Management of thoracic outlet syndrome in patients with hemodialysis access

The US Renal Data System reported that more than 30,000 patients are diagnosed with end-stage renal disease (ESRD) annually [1]. The prevalence of chronic kidney disease has continued to increase exponentially in the United States, from <5% in 2007 to 14.5% in 2017 [1]. More than 80% of these patients receive renal replacement therapy via hemodialysis access [1]. Central venous stenosis (CVS) is one of the most challenging complications in patients with upper extremity hemodialysis access because it can threaten the patency of the arteriovenous (AV) access and cause debilitating symptoms [2]. These lesions often involve the subclavian and innominate veins and may cause venous hypertension, massive arm edema, and eventual failure of the distal fistula [3]. Repeated catheterization with central lines and implantable devices with venous wires, as well as progressive intimal changes from high-flow turbulence, predisposes patients to development of CVS [4,5]. The prevalence of CVS in dialysis patients is estimated to be 15% to 30%; more than half are symptomatic [6]. However, the specific prevalence of subclavian stenosis secondary to thoracic outlet compression is unknown in this patient population.

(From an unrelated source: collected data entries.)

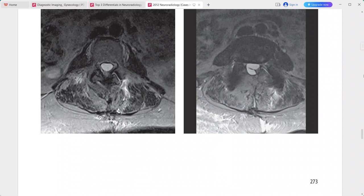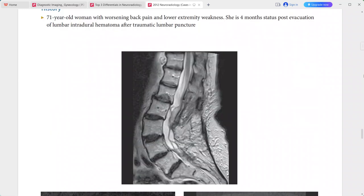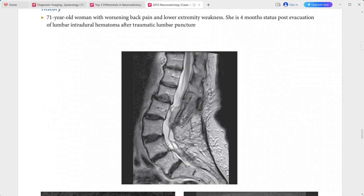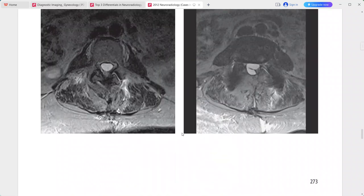The T2-weighted MRI shows an abnormal thecal sac. The nerve roots of the cauda equina are positioned posteriorly and are adherent to the posterior dura. The low signal bands represent adhesions coursing through the thecal sac, creating intradural cysts.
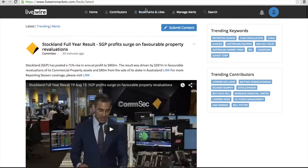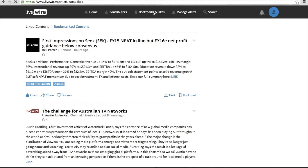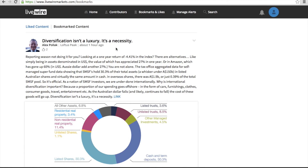The bookmarks and likes tab at the top of the page will show the content you have saved. Anything you bookmark will appear in the bookmarks tab and anything you like will appear in the likes tab, so it can easily be found later.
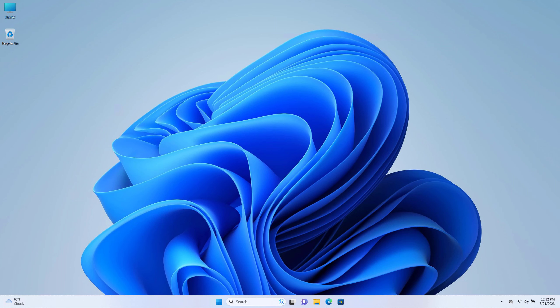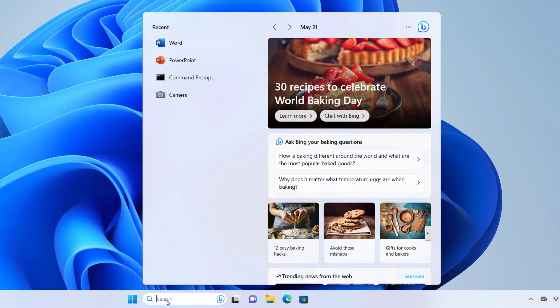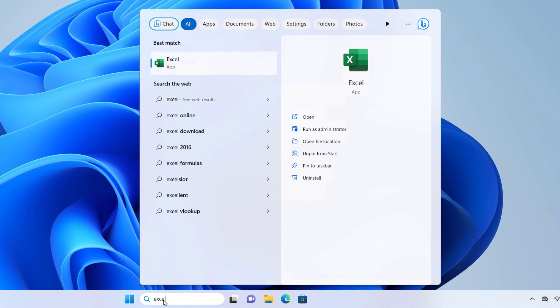Hey guys, today in this video I will show you how we can run Excel as admin on Windows PC. First, search for Excel on your computer — you can type Excel on your Windows Start menu or on the search option.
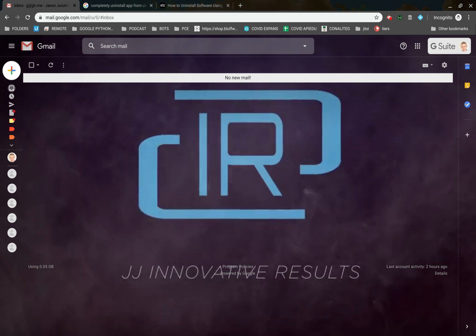Hi everyone, JJIR here, and in this video we're going to see how to install Terminator on a Chromebook that has the Linux container activated.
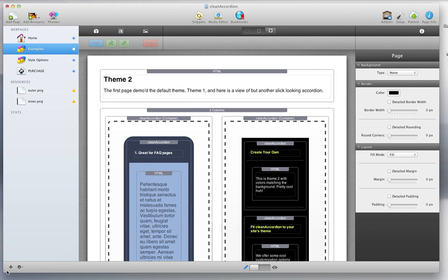Hi, this is Jeremy at 1LD, and this is a tutorial video on Clean Accordion. I'm currently running version 1.3.8.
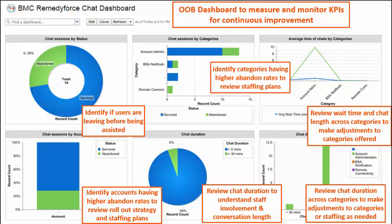In the RemedyForce chat dashboard, users can view metrics to evaluate chat effectiveness. Users can review possible issues with abandoned sessions to determine the optimal staffing model. They can also understand chat duration for staff planning.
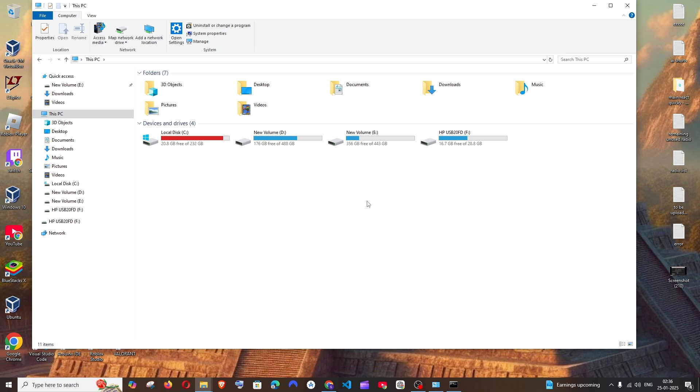Hey everyone, in this video I will be showing you how to completely uninstall your Brave Browser along with its folder. So let's get started.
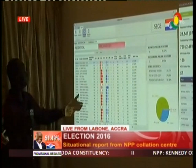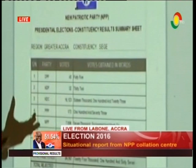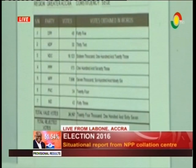That's a summary sheet — it's point and click. At a constituency level, we are able to generate a summary sheet, and at a national coalition center, we are also able to generate a summary sheet.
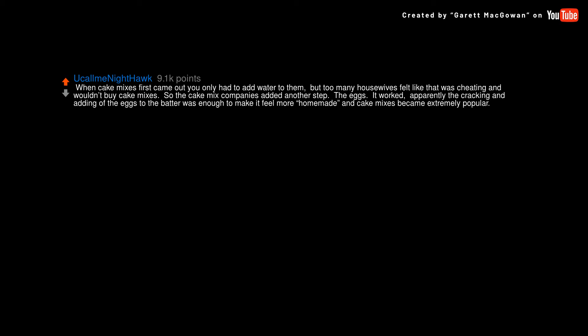Apparently the cracking and adding of the eggs to the batter was enough to make it feel more homemade, and cake mixes became extremely popular.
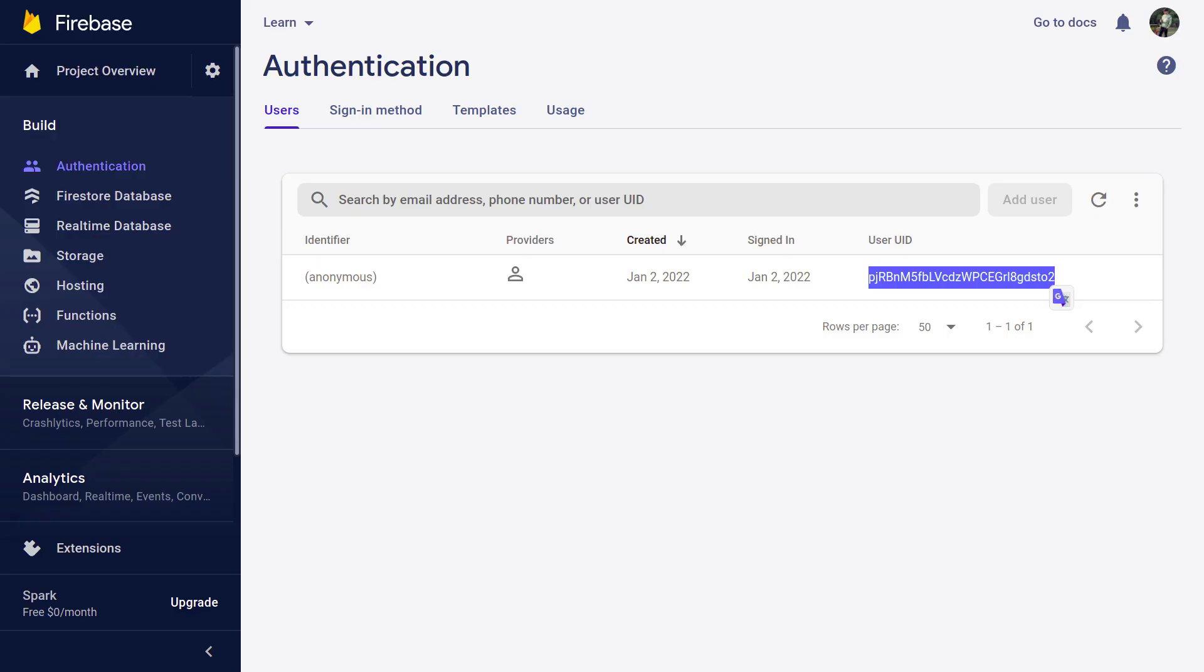And if you open Firebase, you will see the user has been created and we have the user ID here as well.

The National Kidney Foundation anticipates the number of patients requiring long-term hemodialysis will continue to rise, perhaps also leading to an increase in the number of patients with CVS [7]. Some of the central venous lesions threatening ipsilateral AV access patency may be due to compression at the costoclavicular junction (CCJ). Management of these dialysis-associated lesions mimics that of venous thoracic outlet syndrome (TOS) and may benefit from first-rib or clavicle resection [8]. We reviewed management of subclavian vein stenosis (SCV) secondary to compression thoracic outlet space in patients with ipsilateral AV access.